#### [What to work on]
The listing below should be reproduced precisely, except for its images.

↓

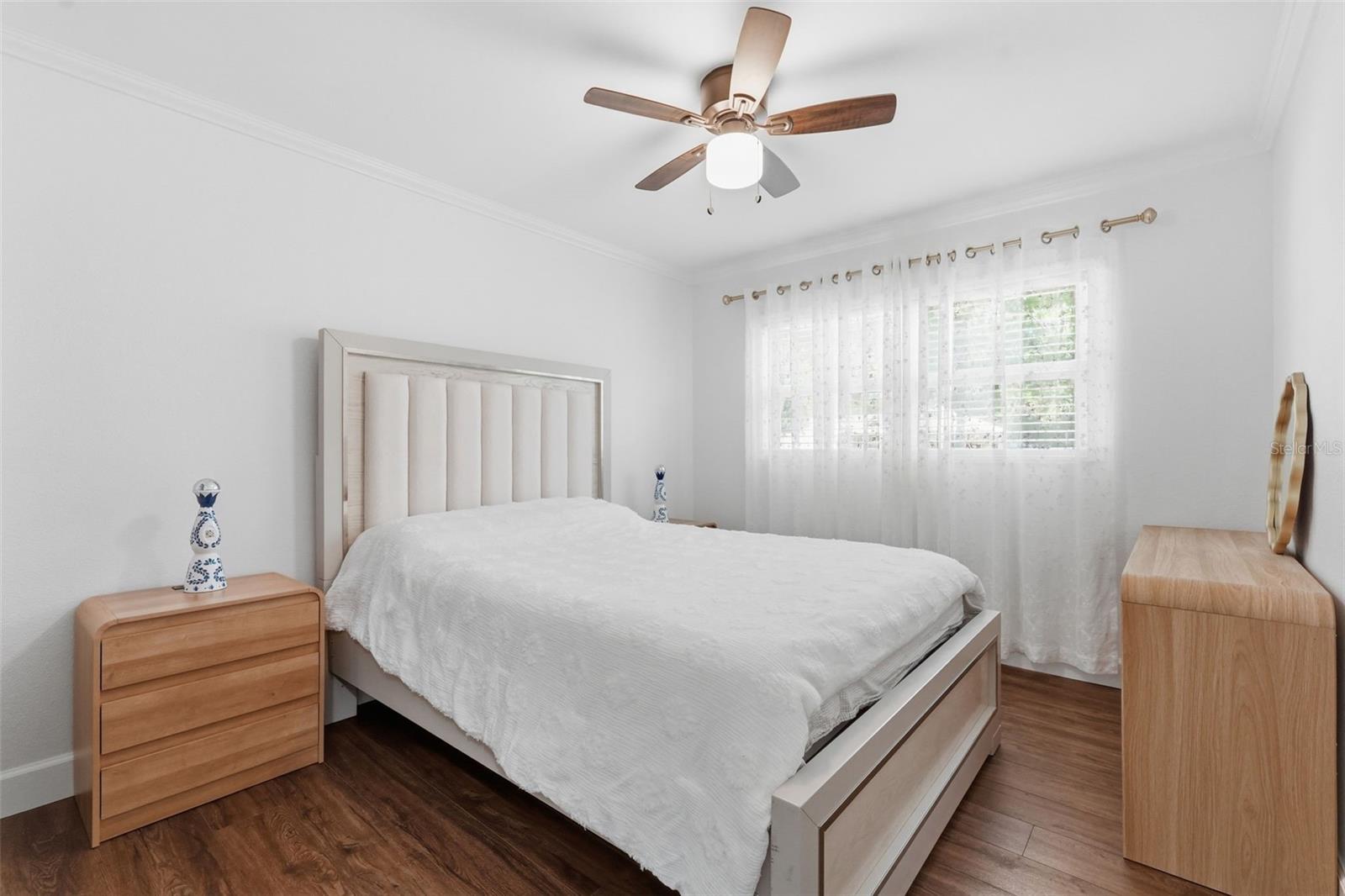 Image 17 of 30 For 2314 Landon Terrace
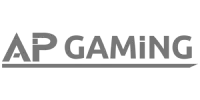 Candy Pay logo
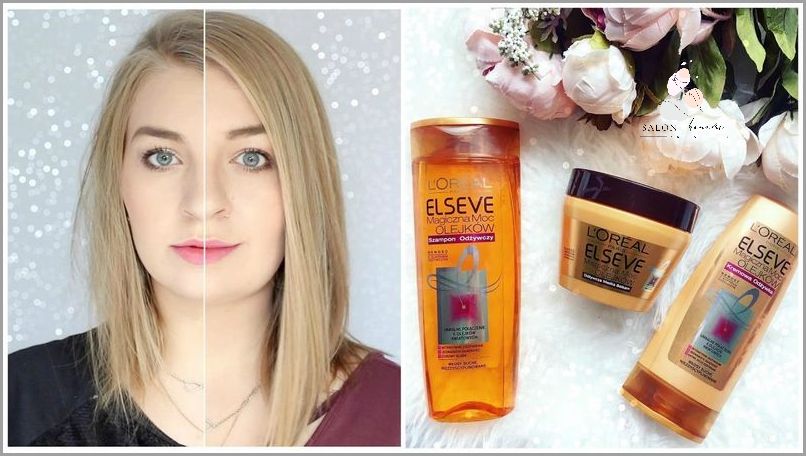 Fusy Z Kawy - Cudowny Sposób Na Piękne Włosy! Fusy Z Kawy - Cudowny Sposób Na Piękne Włosy!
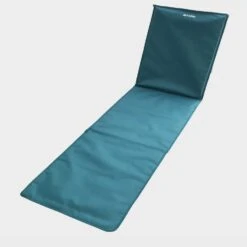 Florida Tri-Fold Lounger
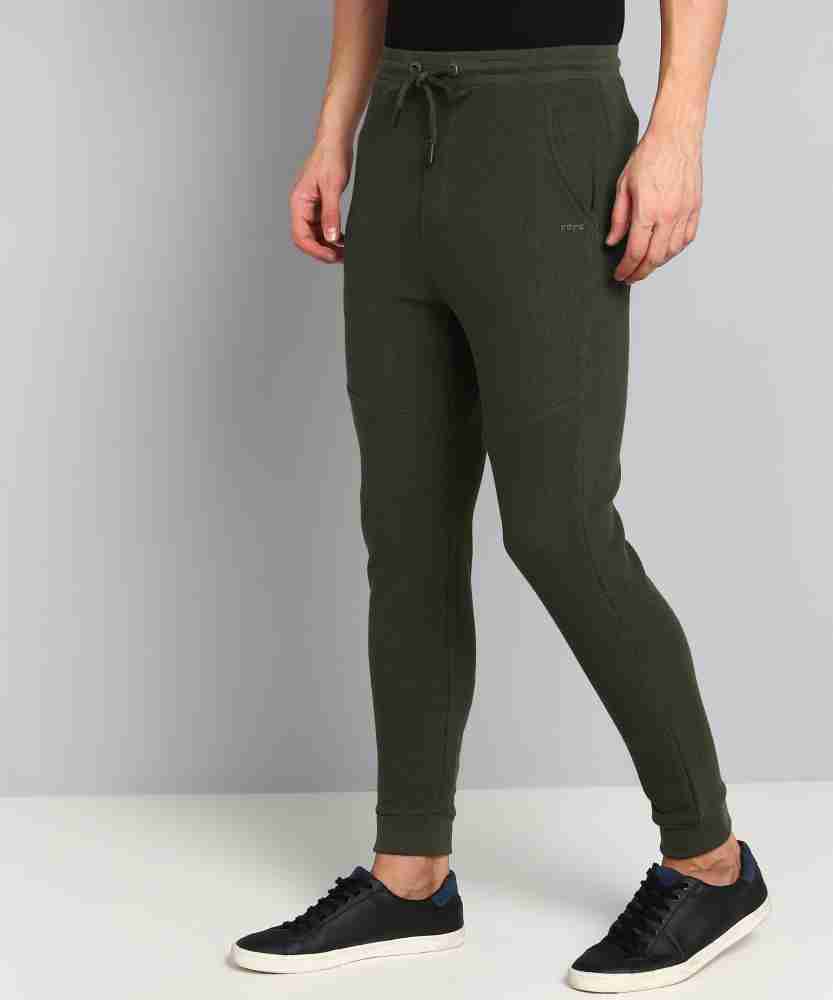 Pull&Bear Skinny pants for Women, Online Sale up to 55% off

↑

#### [Reply to the task]
 Image 17 of 30 For 2314 Landon Terrace
 Candy Pay logo
 Fusy Z Kawy - Cudowny Sposób Na Piękne Włosy! Fusy Z Kawy - Cudowny Sposób Na Piękne Włosy!
 Florida Tri-Fold Lounger
 Pull&Bear Skinny pants for Women, Online Sale up to 55% off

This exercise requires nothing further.